Wikimedians in Residence Exchange Network/GLAM manifesto 2023

Draft of a document to describe some of the challenges of GLAM wiki work by Wikimedians in Residence and other community members. Please feel free to edit or comment!

Overview edit

In the last decade, open access initiatives and Wikimedia communities have successfully engaged numerous cultural and heritage institutions around the world. Whether it is through free licensing of images or embracing Wikidata, these GLAM and other memory institutions are heeding the call in our movement strategy:

By 2030, Wikimedia will become the essential infrastructure of the ecosystem of free knowledge, and anyone who shares our vision will be able to join us.

They have joined us in the GLAM Wiki community in numbers greater than ever, which is to be celebrated. But in recent years, our technical toolset is facing challenges in meeting these infrastructure needs.

Challenges edit

 
Example data and media partnerships workflow for Wikidata.
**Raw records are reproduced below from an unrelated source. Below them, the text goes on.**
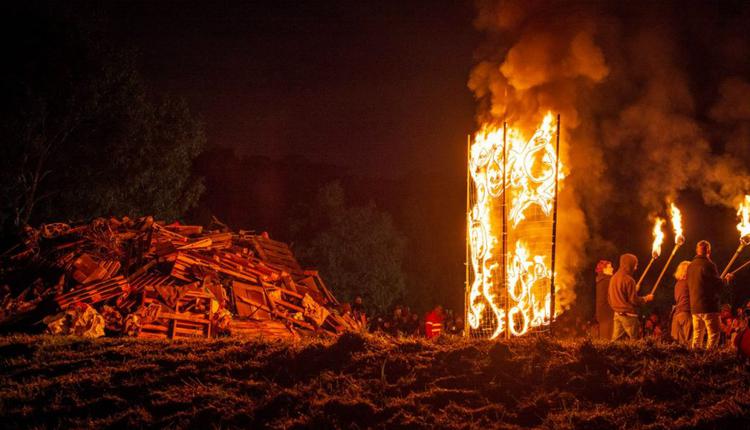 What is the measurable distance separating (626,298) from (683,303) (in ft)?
3.62

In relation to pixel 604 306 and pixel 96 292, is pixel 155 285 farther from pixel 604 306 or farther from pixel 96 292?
pixel 604 306

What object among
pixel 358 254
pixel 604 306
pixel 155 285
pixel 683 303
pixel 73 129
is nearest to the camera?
pixel 683 303

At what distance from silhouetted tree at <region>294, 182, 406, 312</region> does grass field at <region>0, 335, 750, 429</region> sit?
73.3 feet

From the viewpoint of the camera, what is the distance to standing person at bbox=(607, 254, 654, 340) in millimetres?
11461

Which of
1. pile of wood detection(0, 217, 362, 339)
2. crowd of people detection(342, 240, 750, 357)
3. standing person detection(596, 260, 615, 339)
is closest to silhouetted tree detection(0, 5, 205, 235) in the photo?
pile of wood detection(0, 217, 362, 339)

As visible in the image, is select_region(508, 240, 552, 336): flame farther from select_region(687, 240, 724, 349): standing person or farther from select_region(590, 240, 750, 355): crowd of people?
select_region(687, 240, 724, 349): standing person

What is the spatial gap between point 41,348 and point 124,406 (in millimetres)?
3160

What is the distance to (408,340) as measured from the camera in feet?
31.0

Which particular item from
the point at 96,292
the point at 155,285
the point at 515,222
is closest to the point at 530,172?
the point at 515,222

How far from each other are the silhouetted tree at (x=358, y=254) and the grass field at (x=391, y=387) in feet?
73.3

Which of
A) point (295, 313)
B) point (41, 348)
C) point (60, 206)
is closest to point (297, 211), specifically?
point (60, 206)

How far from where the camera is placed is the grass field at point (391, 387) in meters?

We have done better in recent years to document ways[1][2] for GLAM wiki partnerships to emerge. However, we are also failing in our ability to follow-through and support the needed phases of these new partnerships:

  • Contribution and ingestion of metadata and images
  • Enrichment and co-creative use of content
  • Measuring impact of contributions and reporting metrics

Unfortunately, the tools to engage our open knowledge partners are fragile. We have not updated our approach, our toolset, our support, or our planning for this new reality.

  • We have been reliant on the innovative tools developed by Magnus Manske that we appreciate greatly. However, for too long, these have been supported only in a "best effort" manner. That we have so many partnerships and efforts relying on this state of affairs creates an existential risk to the outreach and partnerships the GLAM wiki movement has worked hard to establish.
  • Of these, the metrics and measurement is perhaps the most critical part. For Wikimedia projects to align with the nearly universal expectation of communications professionals and management at these GLAM institutions, metrics must become accessible and reliable to access.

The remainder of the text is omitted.